If, however, a death certificate or probate filing regarding Ann’s death is filed in the registry of deeds or probate, then an assessment of property tax to Ann alone will be invalid because Ann is no longer a record owner of the property because of her “death of record.” Assessors may assess the property tax to Dan as he is still a record owner tenant in common. Assessor must look to the records of the probate court found in the registry of probate to determine the identity of the new record owner of Ann's property interest.
In a joint tenancy and tenancy by the entirety, there is a right of survivorship and the property interest of a joint tenant or tenant by the entirety who dies passes automatically by operation of law to the surviving joint tenant(s) or tenant by the entirety. In joint tenancies and tenancies by the entirety, assessors must assess the property tax in the full name of at least one of the multiple co-owners of record.
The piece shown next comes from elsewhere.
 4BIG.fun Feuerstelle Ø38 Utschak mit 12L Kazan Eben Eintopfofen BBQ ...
If a joint tenant or tenant by the entirety dies and leaves a surviving joint tenant or tenant by the entirety, but no death of record relating to the decedent has been filed in the registry of deeds or probate, assessors have three options. They may: (1) continue to assess the deceased joint tenant or tenant by the entirety because there has been no “death of record,” (2) may assess only the surviving joint tenant or tenant by the entirety as a co-owner of record of the property or (3) may assess both the deceased joint tenant or tenant by the entirety and the surviving joint tenant or tenant by the entirety as they are both owners of record of the property. Once there is a “death of record” of a joint tenant or a tenant by entirety, however, an assessment to only the deceased joint tenant or tenant by the entirety is no longer valid.
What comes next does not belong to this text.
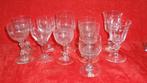 Verzameling 11 oude wijnglazen 19 & begin 20ste eeuw, Ophalen of Verzenden, Gebruikt, Overige typen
Example: Ann and Dan are record owners of Blackacre and hold title as joint tenants. The assessors may assess property taxes to either of the two co-owners or both. They may assess Ann alone or Dan alone or both Ann and Dan. Ann dies and her interest passes automatically by operation of law to Dan, the surviving joint tenant. But there is no death certificate recorded in the registry of deeds or probate filing in the registry of probate regarding Ann’s death. Assessors may still assess Ann or Dan or both Ann and Dan because they are both still owners of record. If, however, a death certificate or probate filing regarding Ann’s death is filed in the registry of deeds or probate, then assessors may only assess to Dan. An assessment to Ann alone will no longer be valid because Ann is no longer a record owner of the property because of her “death of record.”
A life tenant holds present possessory interest in the property for his lifetime and is assessed owner for property tax purposes. The remainderman holds a future, remainder interest and the right to possession is delayed until the death of the life tenant.
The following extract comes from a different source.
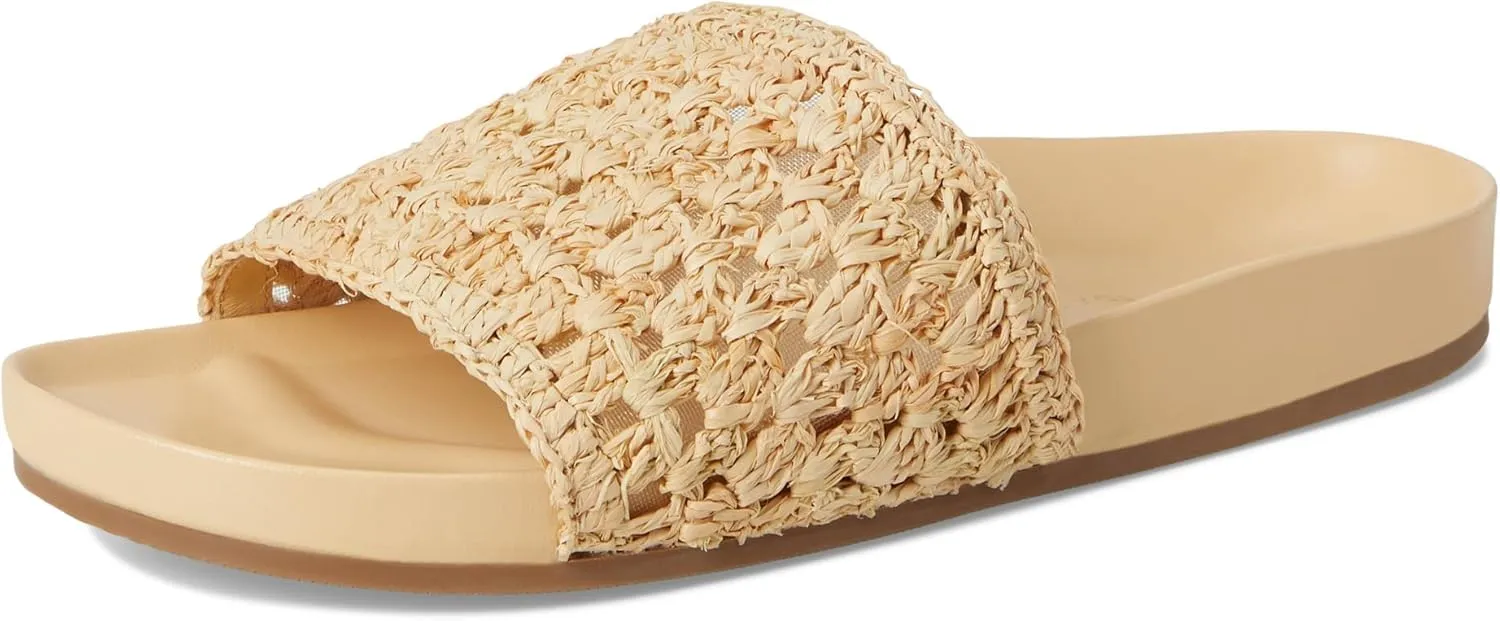 Loeffler Randall Women's Henri Crochet Raffia Band Footbed Sandals Slide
On a death of the life tenant, the remainder interest, automatically by operation of law, becomes a present possessory interest and the remainderman becomes the actual owner of the property. Upon the recording of the death certificate of the life tenant in the registry of deeds or a probate filing in the probate court, the remainderman becomes the record owner for property tax assessment purposes.
Example: In 2015, Ann gave a deed to Barbara of Greenacre, reserving a life estate to herself (Ann). Ann is the life tenant and Barbara is the remainderman. Ann dies and her death certificate is recorded at the registry of deeds. Ann is no longer the record owner of the property, Barbara is. Property taxes are now assessed to Barbara.